Ein Gegencheck bei der Pensionsversicherungsanstalt ergibt: Die SPÖ-Berechnungen dürften korrekt sein, und auch das Sozialministerium widerspricht in der Sache nicht. Man sei sich dessen bewusst, dass die Aliquotierung bei hohen Inflationsraten zu "Benachteiligungen" führen kann, und werde sich um eine Lösung bemühen, heißt es aus dem Büro von Minister Johannes Rauch (Grüne). Kalt ließ den Minister die Kritik schon im laufenden Jahr nicht: Für die Pensionsanpassung vom heurigen Jänner hatte die Regierung zur "Abmilderung" verfügt, dass jeder Neupensionist zumindest den halben Inflationsausgleich erhält.

Doch alles andere als ein vollständiger Teuerungsausgleich für alle im ersten Jahr ist aus Sicht der Kritiker zu wenig. Dass man in der Aliquotierung doch eine gewisse Logik erkennen könne, weil die Inflation damit eben nur für die tatsächliche Zeit in der Pension abgegolten werde, kann Arbeiterkammer-Experte Wolfgang Panhölzl kein bisschen nachvollziehen. Es gehe ja nicht nur um das eine Jahr, sondern um die Wertsicherung für die Zukunft: "Auch Lohnerhöhungen werden unmittelbar wirksam. Da wäre eine Aliquotierung undenkbar."

Mehrfaches Hin und Her

Es gab allerdings Zeiten, da wurde die Gerechtigkeitsfrage auch umgekehrt gestellt. Es sei nicht einsichtig, dass jemand, der im November oder Dezember in Pension geht, bereits im folgenden Jänner die volle Inflationsabgeltung erhalte, hieß es da – umso mehr, als die steigenden Kosten für die Altersversorgung ohnehin gebremst gehörten.
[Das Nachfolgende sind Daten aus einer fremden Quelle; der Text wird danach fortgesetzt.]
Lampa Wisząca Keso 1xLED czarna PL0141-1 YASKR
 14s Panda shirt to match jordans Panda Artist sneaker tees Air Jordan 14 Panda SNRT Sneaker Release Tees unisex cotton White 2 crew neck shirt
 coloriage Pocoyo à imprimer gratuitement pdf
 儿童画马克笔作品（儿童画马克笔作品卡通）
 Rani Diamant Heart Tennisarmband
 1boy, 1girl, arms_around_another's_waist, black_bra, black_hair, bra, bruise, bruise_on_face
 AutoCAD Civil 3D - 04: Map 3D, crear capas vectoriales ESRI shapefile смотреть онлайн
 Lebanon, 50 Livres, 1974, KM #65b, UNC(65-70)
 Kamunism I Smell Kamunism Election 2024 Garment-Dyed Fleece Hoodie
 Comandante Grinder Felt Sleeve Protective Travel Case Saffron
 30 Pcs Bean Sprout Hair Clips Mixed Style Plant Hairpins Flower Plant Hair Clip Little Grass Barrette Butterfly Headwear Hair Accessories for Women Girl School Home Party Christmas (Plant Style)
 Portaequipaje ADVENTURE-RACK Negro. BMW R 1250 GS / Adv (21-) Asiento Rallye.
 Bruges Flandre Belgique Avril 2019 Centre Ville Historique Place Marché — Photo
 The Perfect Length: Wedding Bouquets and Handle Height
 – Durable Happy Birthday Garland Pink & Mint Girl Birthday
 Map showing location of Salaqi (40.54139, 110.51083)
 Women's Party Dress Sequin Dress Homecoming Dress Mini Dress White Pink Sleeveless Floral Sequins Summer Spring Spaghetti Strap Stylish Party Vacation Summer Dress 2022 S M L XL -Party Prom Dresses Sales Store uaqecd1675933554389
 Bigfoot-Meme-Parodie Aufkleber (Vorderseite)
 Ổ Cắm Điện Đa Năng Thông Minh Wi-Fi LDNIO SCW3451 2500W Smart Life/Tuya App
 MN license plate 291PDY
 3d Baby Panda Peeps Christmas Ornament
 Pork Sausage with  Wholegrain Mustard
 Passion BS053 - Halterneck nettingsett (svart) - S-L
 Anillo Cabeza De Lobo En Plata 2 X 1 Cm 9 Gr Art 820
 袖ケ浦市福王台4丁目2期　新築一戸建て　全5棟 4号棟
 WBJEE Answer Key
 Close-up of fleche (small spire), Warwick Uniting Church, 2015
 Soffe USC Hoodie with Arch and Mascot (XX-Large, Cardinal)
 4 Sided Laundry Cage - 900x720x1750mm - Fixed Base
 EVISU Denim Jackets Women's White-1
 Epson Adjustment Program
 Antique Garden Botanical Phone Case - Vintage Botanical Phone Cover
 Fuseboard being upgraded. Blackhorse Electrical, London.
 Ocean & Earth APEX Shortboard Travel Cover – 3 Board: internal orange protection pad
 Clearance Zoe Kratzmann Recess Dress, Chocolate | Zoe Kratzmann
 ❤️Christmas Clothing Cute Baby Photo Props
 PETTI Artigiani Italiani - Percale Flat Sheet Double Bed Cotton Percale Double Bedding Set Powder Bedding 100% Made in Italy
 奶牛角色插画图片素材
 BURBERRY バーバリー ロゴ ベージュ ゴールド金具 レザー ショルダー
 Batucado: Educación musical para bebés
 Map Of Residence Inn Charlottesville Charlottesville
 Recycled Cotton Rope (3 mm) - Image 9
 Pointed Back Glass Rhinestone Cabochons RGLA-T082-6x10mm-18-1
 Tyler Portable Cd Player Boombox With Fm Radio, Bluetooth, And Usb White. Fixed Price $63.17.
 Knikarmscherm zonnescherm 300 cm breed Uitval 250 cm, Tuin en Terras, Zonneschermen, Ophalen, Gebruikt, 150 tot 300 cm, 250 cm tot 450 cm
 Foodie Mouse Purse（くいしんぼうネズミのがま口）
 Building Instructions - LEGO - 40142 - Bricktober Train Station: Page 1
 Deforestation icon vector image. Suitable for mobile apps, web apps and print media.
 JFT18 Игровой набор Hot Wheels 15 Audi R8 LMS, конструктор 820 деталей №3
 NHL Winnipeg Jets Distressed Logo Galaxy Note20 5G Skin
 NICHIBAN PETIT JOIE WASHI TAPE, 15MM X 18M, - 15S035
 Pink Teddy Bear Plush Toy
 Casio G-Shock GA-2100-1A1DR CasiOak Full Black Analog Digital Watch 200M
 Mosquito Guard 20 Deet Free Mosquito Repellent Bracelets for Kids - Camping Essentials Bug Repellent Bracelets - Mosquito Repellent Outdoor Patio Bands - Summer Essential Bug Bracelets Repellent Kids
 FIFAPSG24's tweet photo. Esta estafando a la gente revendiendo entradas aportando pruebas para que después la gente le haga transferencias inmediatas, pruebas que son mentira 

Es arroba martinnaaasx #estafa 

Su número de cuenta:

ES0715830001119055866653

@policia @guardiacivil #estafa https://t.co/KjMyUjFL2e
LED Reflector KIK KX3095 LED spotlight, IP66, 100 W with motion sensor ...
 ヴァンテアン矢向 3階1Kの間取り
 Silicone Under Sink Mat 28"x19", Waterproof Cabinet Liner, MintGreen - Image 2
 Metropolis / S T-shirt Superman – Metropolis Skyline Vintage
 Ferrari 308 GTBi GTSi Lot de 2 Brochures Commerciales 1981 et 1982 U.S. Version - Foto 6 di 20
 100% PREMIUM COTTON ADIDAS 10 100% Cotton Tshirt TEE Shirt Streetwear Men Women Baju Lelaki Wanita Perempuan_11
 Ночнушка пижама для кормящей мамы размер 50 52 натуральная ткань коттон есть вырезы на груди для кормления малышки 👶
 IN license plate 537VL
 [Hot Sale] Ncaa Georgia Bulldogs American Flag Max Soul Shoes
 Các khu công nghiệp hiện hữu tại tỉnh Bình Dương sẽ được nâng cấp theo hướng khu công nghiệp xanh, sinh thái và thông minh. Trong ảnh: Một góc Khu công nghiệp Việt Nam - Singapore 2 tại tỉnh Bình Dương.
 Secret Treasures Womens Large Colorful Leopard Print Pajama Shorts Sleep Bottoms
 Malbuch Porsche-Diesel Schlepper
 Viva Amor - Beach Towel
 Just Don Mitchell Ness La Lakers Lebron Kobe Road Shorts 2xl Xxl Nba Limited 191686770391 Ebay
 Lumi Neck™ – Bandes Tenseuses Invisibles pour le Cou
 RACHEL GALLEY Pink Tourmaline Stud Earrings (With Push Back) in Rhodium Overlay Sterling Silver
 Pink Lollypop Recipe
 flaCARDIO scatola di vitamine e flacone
In diesem Geist hat die schwarz-blaue Regierung unter Wolfgang Schüssel 2003 eine Wartefrist eingeführt: Die erste Pensionserhöhung wurde fortan erst im übernächsten Jahr gewährt. Pikanterweise waren es in der Folge die Seniorenvertreter von SPÖ und ÖVP, die zur Linderung die nun von ihnen bekämpfte Aliquotierung forderten.

Beim freien Spiel der Kräfte vor der Nationalratswahl 2019 setzte eine Mehrheit im Parlament vorübergehend den vollständigen Teuerungsausgleich bereits im ersten Jahr durch, ehe die türkis-grüne Regierung schließlich die Geld sparende Aliquotierung beschloss. Unter diesen politischen Vorzeichen mutierten die sozialdemokratischen Pensionistenvertreter jäh zu Gegnern der Idee. Der ÖVP-Seniorenbund zog unter dem Eindruck der Rekordinflation schließlich nach. (Gerald John, 30.1.2023)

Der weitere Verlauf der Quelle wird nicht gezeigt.